Excluding any images, copy all of the lines below precisely as written.

- **Information supplied**:
┏━━

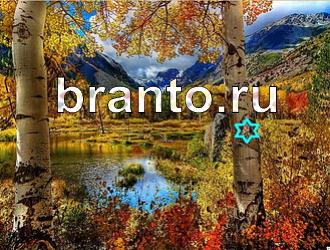 ответы на игру Найди животных Уровень 358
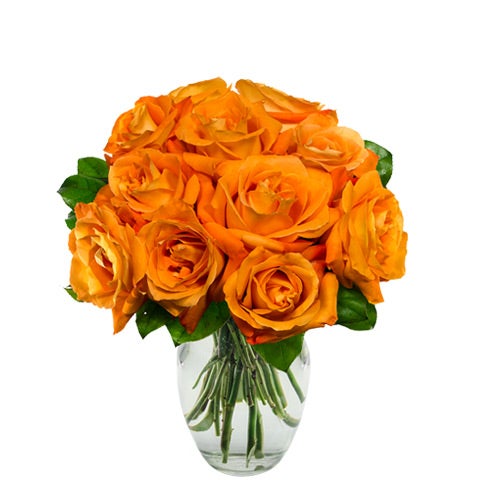 A Bouquet of 12 Orange Roses Flowers Arrive In A Box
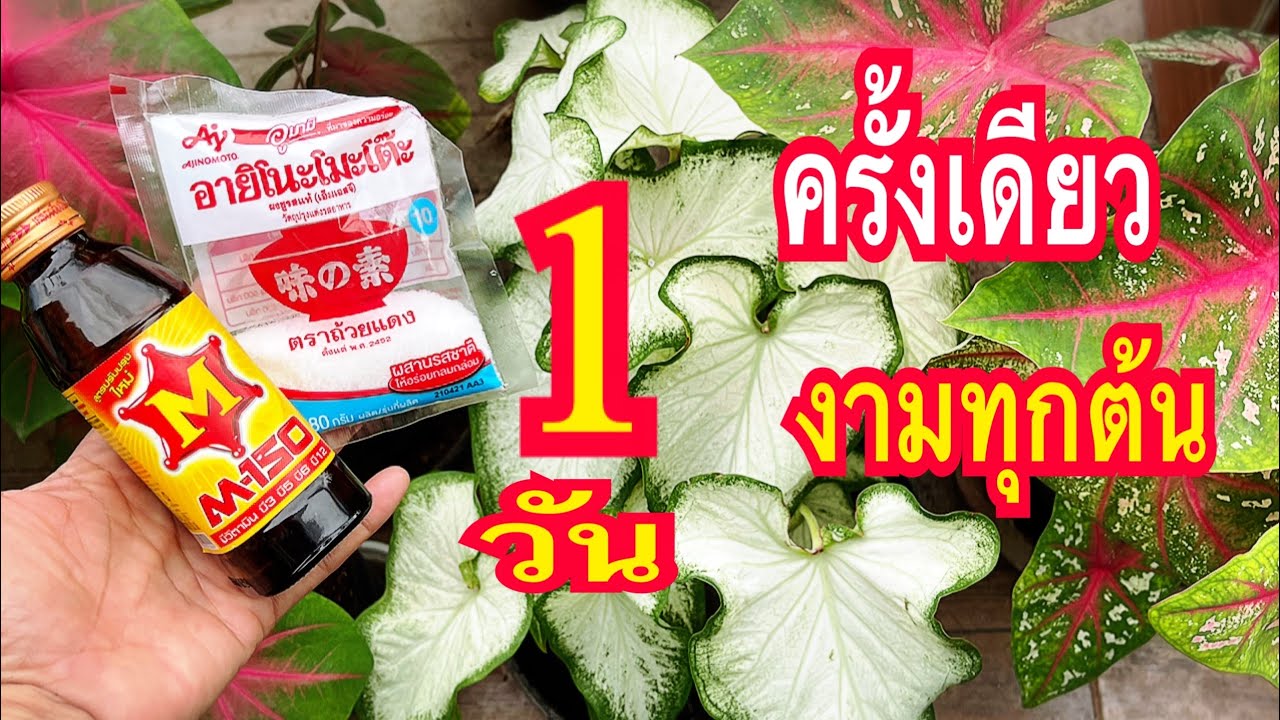 ตะลึงแชร์!!แค่1ช้อนบอนสีสดงามเด่นทันใจเร่งสีบอนสีให้เด่นแตกกอเร็วเป็นพุ่มสวยงามทุกต้น100%แม่ก้อยพาทำ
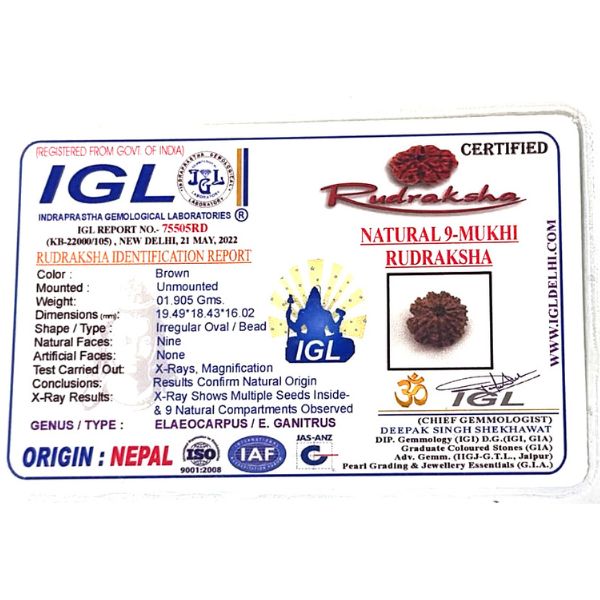 9 Mukhi Rudraksha Nepal Regular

┗━━

- **Task result**:
 ответы на игру Найди животных Уровень 358
 A Bouquet of 12 Orange Roses Flowers Arrive In A Box
 ตะลึงแชร์!!แค่1ช้อนบอนสีสดงามเด่นทันใจเร่งสีบอนสีให้เด่นแตกกอเร็วเป็นพุ่มสวยงามทุกต้น100%แม่ก้อยพาทำ
 9 Mukhi Rudraksha Nepal Regular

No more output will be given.